What legal steps have Minnesota officials taken to preserve evidence and investigate federal-agent-involved shootings?
Executive summary
Minnesota officials have taken immediate legal and procedural steps to preserve evidence and press for state-led scrutiny after two federal-agent-involved shootings, including filing a federal lawsuit and securing a temporary restraining order to bar destruction of evidence, while publicly documenting that federal authorities blocked state investigators from accessing scenes [1] [2] [3]. At the same time the state has mobilized its investigative apparatus — the Bureau of Criminal Apprehension — sought warrants and public submissions of tip material, and publicly warned that federal obstruction will not be accepted, even as federal agencies assert primary jurisdiction and the FBI’s role remains uncertain [4] [1] [5].
1. Lawsuits and court orders to stop evidence destruction
Minnesota state and Hennepin County prosecutors moved quickly to use federal court to protect potential evidence, filing a lawsuit that resulted in a temporary restraining order aimed explicitly at preventing the Department of Homeland Security and its components from destroying materials related to the shooting, a legal maneuver state officials said was necessary because they believed DHS would otherwise limit access to the scene and evidence [2] [6].

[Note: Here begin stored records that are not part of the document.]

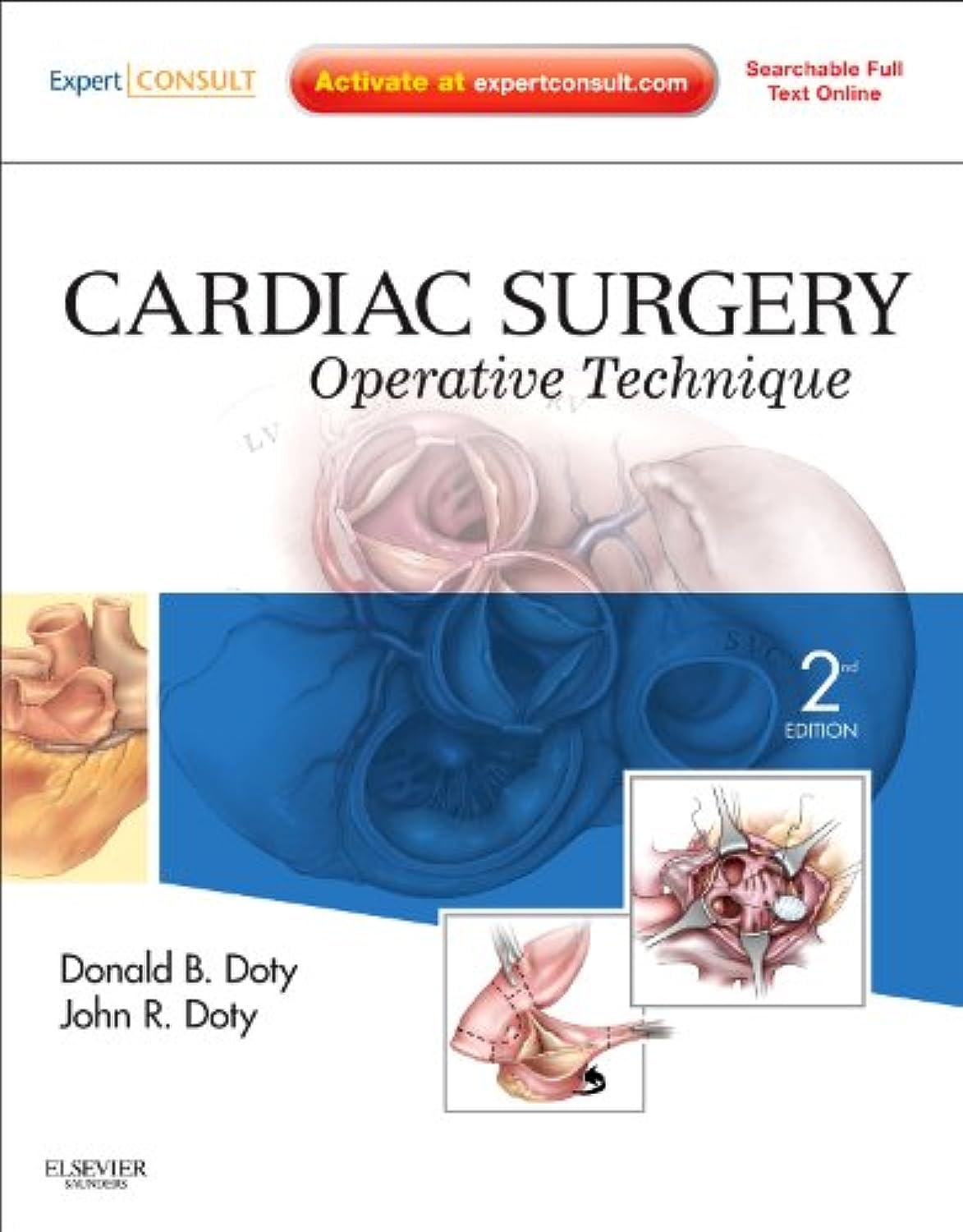 CARDIAC SURGERY OPERATIVE TECHNIQUE 2ED (HB 2012)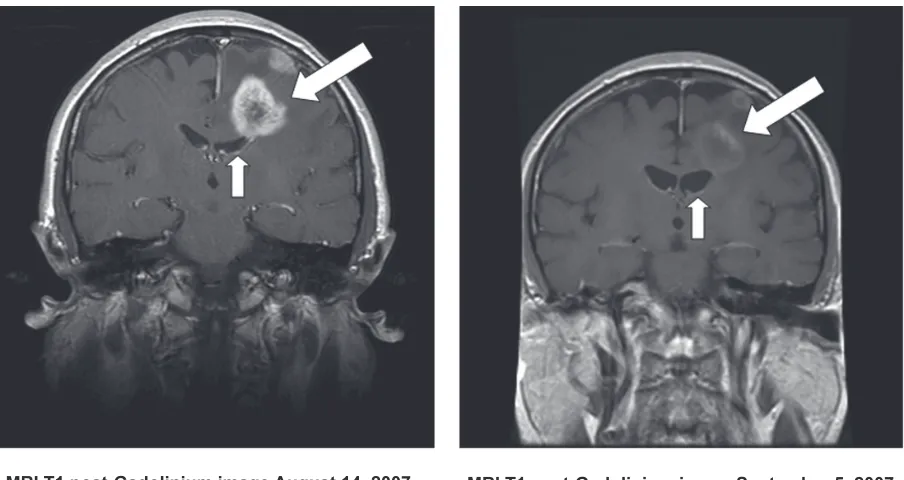 Figure 5 Mri scans showing a typical response of a recurrent GBM to bevacizumab. The image on the right shows the tumor-associated enhancement (large arrow) and accompanying compression of the ventricle by mass effect (small arrow)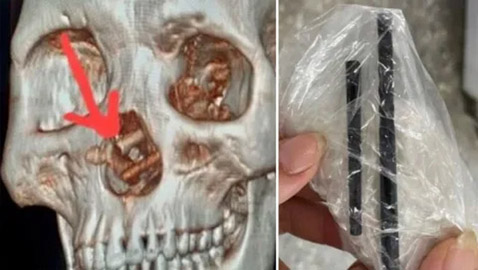 عيدان تناول طعام اخترقت أنف مريض لجمجمته وظلت 5 أشهر! صور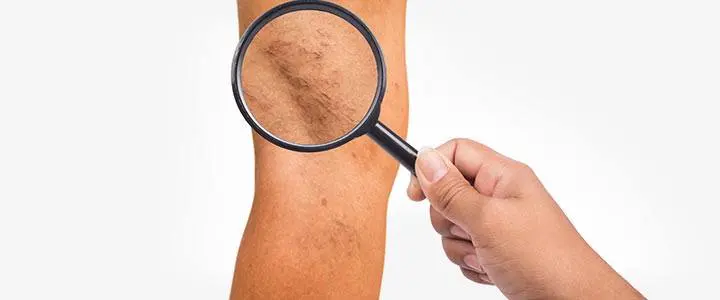 Elite Veins Sclerotherapy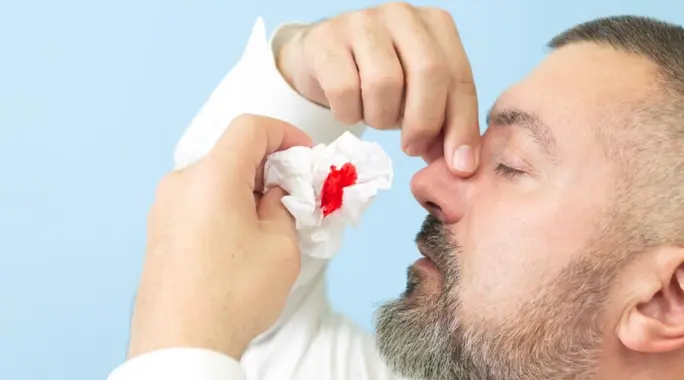 دليل شامل: كيف توقف نزيف الأنف بفعالية وتعرف متى يجب مراجعة الطبيب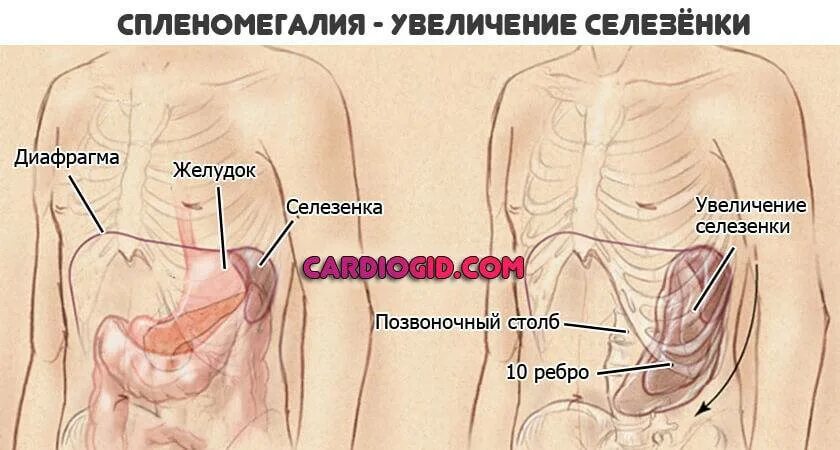 Увеличена селезенка у мужчины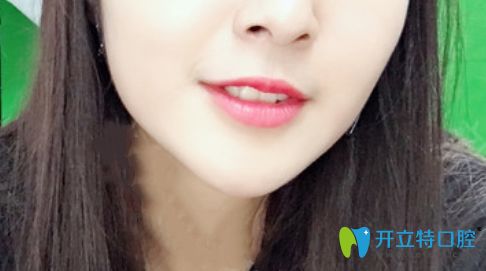 我在珠海九龍口腔做的隱形矯正價(jià)格是2萬元起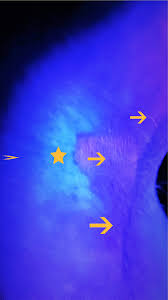 Image result for Erythrasma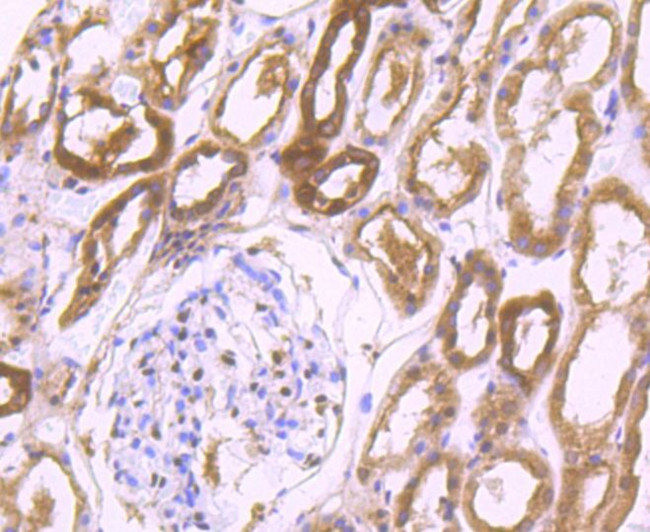 PSMB8 Antibody in Immunohistochemistry (Paraffin) (IHC (P))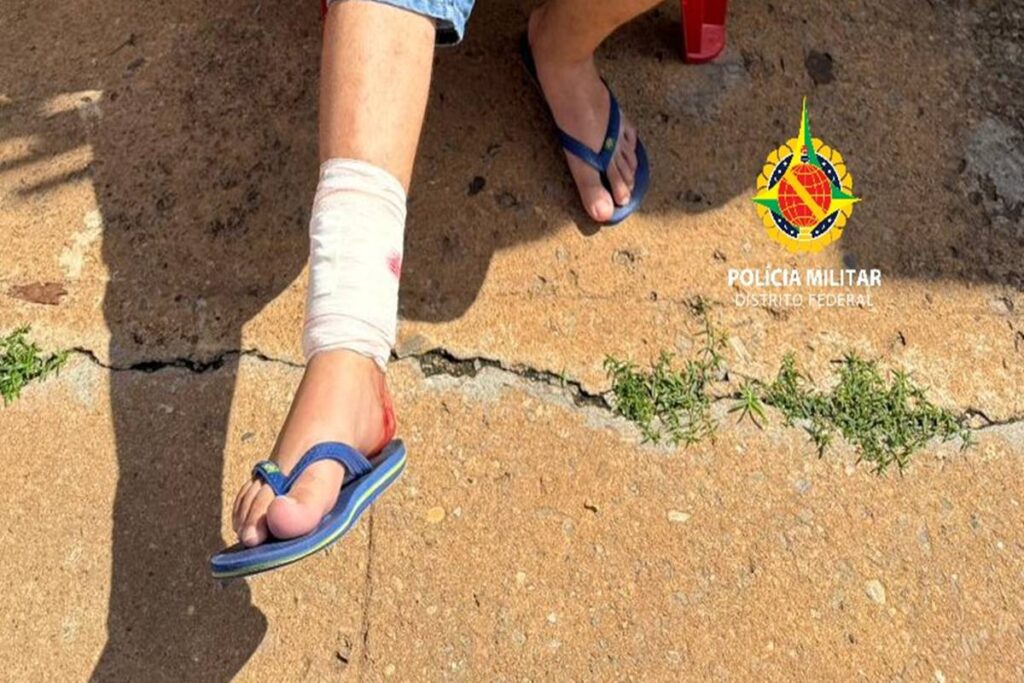 pit-bull-e-morto-pela-pm-apos-atacar-pessoas-e-matar-cadela-no-df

2. Public assertions and declarations documenting obstruction
State leaders — including the superintendent of the Minnesota Bureau of Criminal Apprehension (BCA) — formally declared that federal agents had blocked BCA attempts to investigate on-scene, and the BCA filed a declaration in federal court stating that in more than 20 years it had not previously experienced federal authorities denying access when there was concurrent jurisdiction, a claim used as the factual underpinning for the state’s legal action [5] [4].
3. Warrants sought and denied access despite court papers
BCA and local law enforcement obtained signed search warrants intended to let state investigators secure and process the scene, but officials say Department of Homeland Security personnel still would not permit physical entry, prompting the state to escalate to litigation and public criticism while noting the practical problems created when scenes become inaccessible or are overtaken by crowds before re-examination can occur [4] [3].
4. Parallel investigatory posture: state portals, prosecutors and the BCA mobilize
Hennepin County Attorney Mary Moriarty and state officials announced they were committed to an objective state-level inquiry, encouraging the public to submit videos and tips through an online portal and coordinating legal and investigative pathways to assemble evidence independent of federal cooperation, signaling an intention to build a record sufficient for local charging decisions or public reporting [1] [7].
5. Federal responses, jurisdictional limits and competing narratives
Federal officials have maintained that the incidents fall within federal jurisdiction and initially controlled the scene; DHS and Border Patrol spokespeople described their own investigative aims — such as reconstructing shots and weapons placement — while some federal offices or agents have pulled back from joint work, leaving the FBI’s exact collaborative role unclear and prompting state officials to assert that full cooperation was not forthcoming [5] [3] [8]. Observers also note the constitutional backdrop: even if state charges were pursued, the supremacy clause gives the federal government mechanisms to shift prosecutions to federal court, an institutional reality Minnesota officials are confronting as they press for access and accountability [2].
6. Political and operational escalations tied to legal strategy
The legal steps cannot be divorced from the political fight: state leaders publicly criticized the federal deployment, activated the National Guard to assist public safety, and framed the court filings as a needed check against perceived federal overreach, while federal officials disputed some witness characterizations and emphasized law-enforcement safety concerns — a dynamic that has both legal and evidentiary consequences for who controls material and how transparently it is processed [6] [5] [3].